As you can see, these safety factors are terrible! As far as changing the material properties, I could decrease the width or depth of the beam, but the length must stay the same.
Any insight would be appreciated, thanks! :D

Answer 1

This is a suggested procedure to achieve your goal. I'll simplify your model to a cantilever beam with a constant cross-section as shown below, and assume the critical section is located at the root of the fillet.

The first step is to determine the maximum deflection $\delta_v$.

The second step is to find out the equation for the deflection. For this exercise, I'll ignore the shear deformation, but apply the method developed by Timoshenko to account for "large deflection".

In his book, "Mechanics of Materials", co-authored with Gere, Timoshenko provided a table for ease of pinpoint the correct equation as shown below. In the table, column (m) is the numerical value of $\dfrac{PL^2}{EI}$, and column (n) is the numerical value of $\dfrac {\delta_v}{L}$. The equation of deflection is simply (m)/(n).

• $(m)$ = $\dfrac{PL^2}{EI}$, $(n)$ = $\dfrac {\delta_v}{L}$, $\dfrac{(m)}{(n)}$ = $\dfrac{PL^2}{EI}$/$\dfrac {\delta_v}{L}$.

• Let $\lambda = \dfrac{m}{n}$ and rearrange the terms,

• $\delta_v = \dfrac {PL^3}{EI \lambda}$, or $P = \dfrac{EI \lambda\delta_v }{L^3}$.

The third step is to check shear stress:

At this point, I'll conservatively introduce the form factor to account for the escalated shear stress due to shear deformation. For a rectangular section, the form factor $f_s$ = 6/5 = 1.2, so

$\sigma = f_s*\dfrac{3P}{2A} \leq \dfrac{f_y}{n}$, where $n$ is the desired safty factor.

The fourth step is to determine the bending stress.

1. Assume elastic behavior, $\sigma_b = \dfrac{6M}{bh^2} \leq \dfrac{F_y}{n}$, or

2. assume plastic behavior, $\sigma_b = \dfrac{4nM}{bh^2} \leq F_y$

The last step is to determine $P$:

Since $M = P*a$, plug $M$ into the two equations above, you will get the $P$ that satisfies the limit of the bending stress with the desired safety factor.
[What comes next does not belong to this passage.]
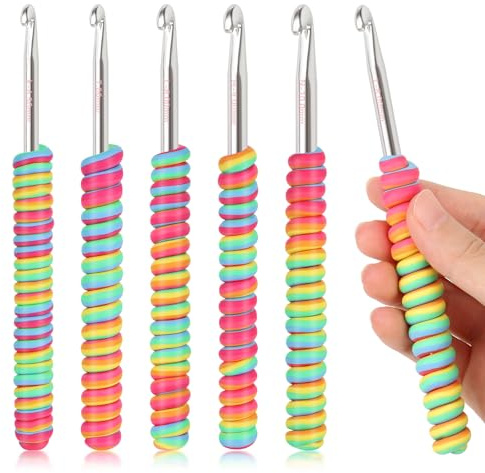 Reessy Large Crochet Hook Set, Pretty Rainbow Crochet Hooks, 6.5-10mm Warm Crochet Hook Set, 5Pcs Aluminium Crochet Hooks 10mm 9mm 8mm 7mm 6.5mm, Ideal Crochet Lovers Gift
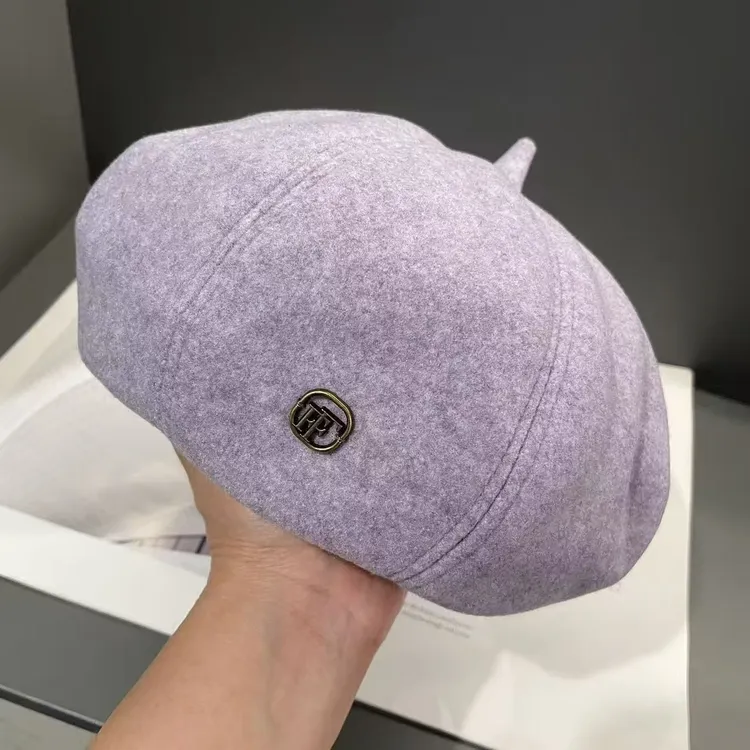 2025春秋新款时尚百搭紫色贝雷帽大头围八角立体画家帽子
However, you also need to back-check/compare the $P$ derived from steps two (deflection) and three (shear stress) before making the conclusion.

If you still couldn't get satisfactory force with the desired safety factor, you will have to increase the depth/thickness of the member or adjust the deflection limit.

Hope this helps.